Tuesday, July 21, 2020

A New Illustrated History of Taiwan

A New Illustrated History of Taiwan
by Wan-yao Chou, translated by Carole Plackitt and Tim Casey

Looking for a good, easy-to-read book to provide a general overview of Taiwanese history? 

This book is not a comprehensive history of Taiwan, nor does it pretend to be one. Powerful figures from Koxinga to Lee Teng-hui are mentioned only in passing, because Chou’s focus is instead on the ordinary people, and how their lives were shaped and impacted by historical events. 

And the book does a stellar job tracing the history of Taiwan’s people, from the Indigenous inhabitants up through colonization from Fujian and Guangdong in the 1600s and 1700s, to the effects of 20th century politics on Taiwan’s people.

Areas where I felt my knowledge needed beefing up and this book was informative included a concise summary of distinctions between Taiwan colonization from Quanzhou, Zhangzhou and Guangdong; good overviews of the two big rebellions against Japanese rule in Taiwan (the Chiaopanien [aka Tapani] rebellion of 1915 and the Wushe [aka Musha] rebellion of 1930); a survey of Taiwanese domestic home rule movements of the 1920s and 1930s; and a brief discussion of pro-democracy stirrings in the 1950s and 1960s.

Early on in the book, Chou writes “Sometimes one’s understanding of history increases if one stops using modern concepts” (p. 50). This is a great line which I wholeheartedly agree with. In the text, it refers to the fact that the close association between Taiwan and Penghu in fact got a relatively recent start; Penghu was closely tied to China’s Fujian Province for centuries before any Chinese government gave much thought to colonizing Taiwan. 

But of course, the idea that “sometimes one’s understanding of history increases if one stops using modern concepts” is a great lesson that should be hammered into the head of people around the world. For more on this general area, see my review of Sam Wineburg’s book Why Learn History (When It’s Already on your Phone) and what I wrote about thinking like a historian.

The book’s title highlights the fact that this is an illustrated history of Taiwan, and the illustrations are the main feature of the book.

The illustrations highlight and shape key moments in Taiwan’s history. I looked and couldn't find most of them online, but some of the ones that I will specifically remember include:

A group of young Taiwanese musicians at an outdoor pavilion in Kaohsiung in 1934. They’re all smiling, joyful even -- many are laughing. Among them are Koh Bunya, a singer and composer who would eventually live in post-1949 China and face persecution during the Cultural Revolution. I wonder if the other men and women would have similarly complicated life stories. (p. 247)

A linguistically fascinating 1944 photo of a sign saying to 常用國語. Nowadays in Taiwan, 國語, which literally means “national language”, refers to Mandarin. But in 1944 Taiwan 國語 would have meant Japanese -- the pronunciation is different, but “national language” is written the same way in the two languages. So this sign extorted Taiwanese to speak Japanese, using exactly the same written word for Japanese that nowadays means Mandarin! (p. 273)

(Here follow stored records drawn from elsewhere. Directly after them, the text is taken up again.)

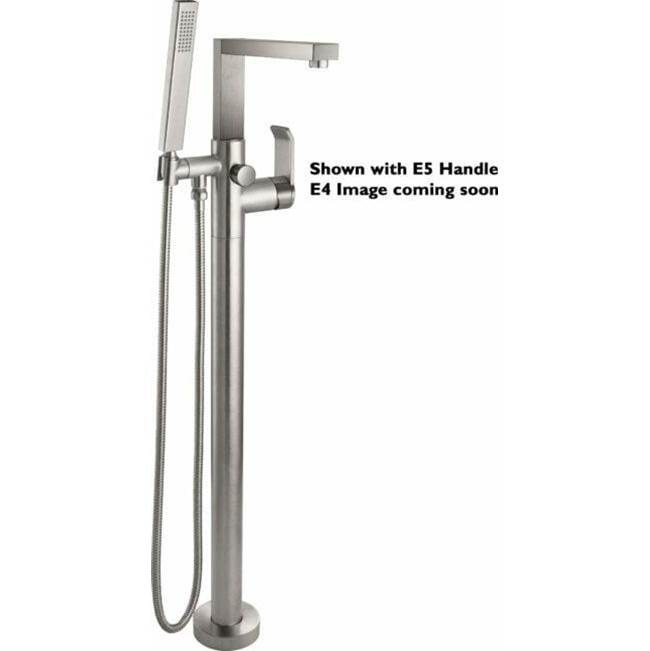 California Faucets Floor Mount Tub Fillers item 7711-HE4.20-PBU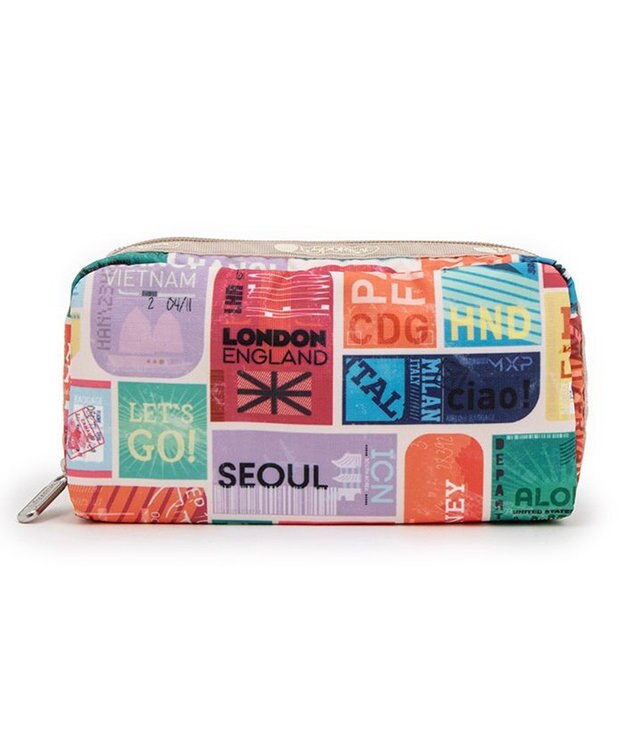 LeSportsac RECTANGULAR COSMETIC/トラベルタグズ トラベルタグズ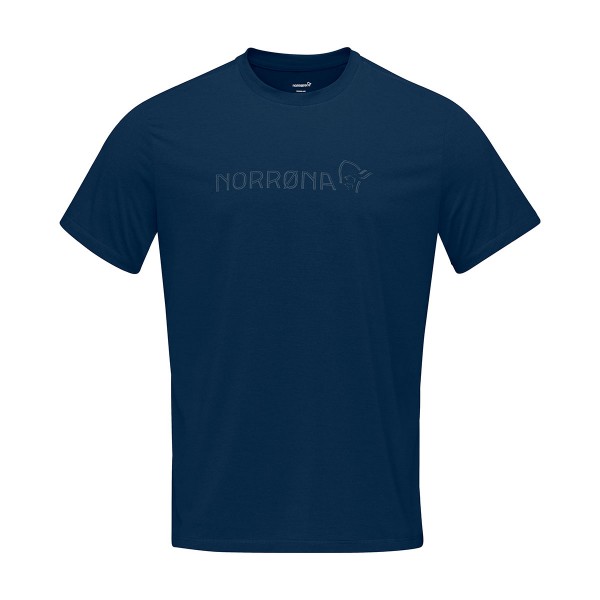 Norrona tech T-Shirt indigo night 2022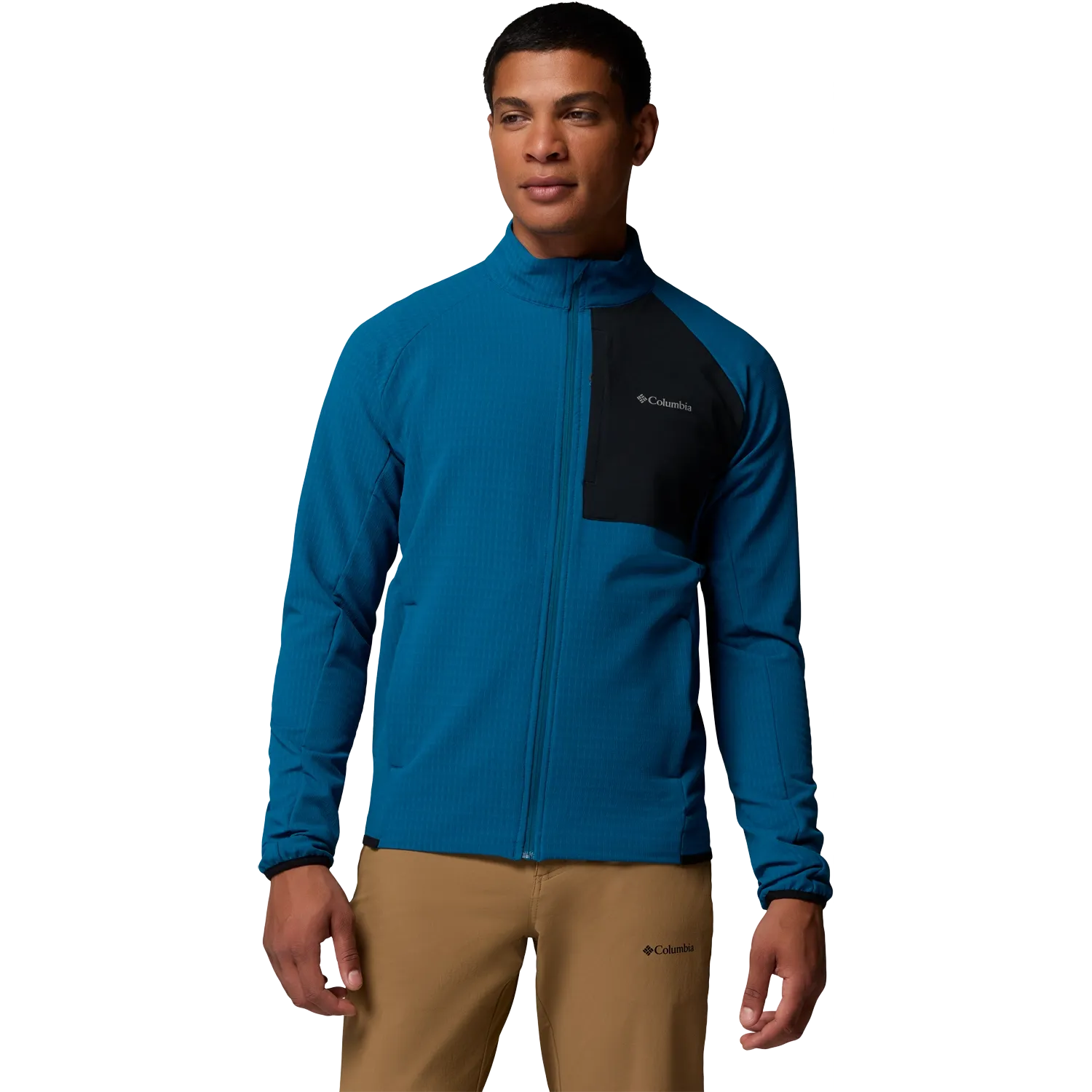 Superior Summit Grid Full Zip Men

A striking image from an Atayal village in 1950. Chiang Kai-shek, dressed in a fedora and black cape, making an inspection tour. His son is a few steps behind him in military fatigues. Among Chiang’s retinue is Atayal leader Losin Watan, easily recognized in a dark suit, who would be executed along with five other Indigenous leaders four years later. (p. 338)

1 comment:

J said...

There was an interesting bio of Losin Watan going around Taiwanese Facebook in May. Basically his big cause- which got him executed- was the return of Aboriginal land in Sanxia, which was taken by the Japanese when they forced the Atayal (then led by his father) to retreat to Jiaobanshan, then inherited by the KMT, and who knows who owns it now. I think there were Aboriginal squatters trying to reclaim it around 10 years ago.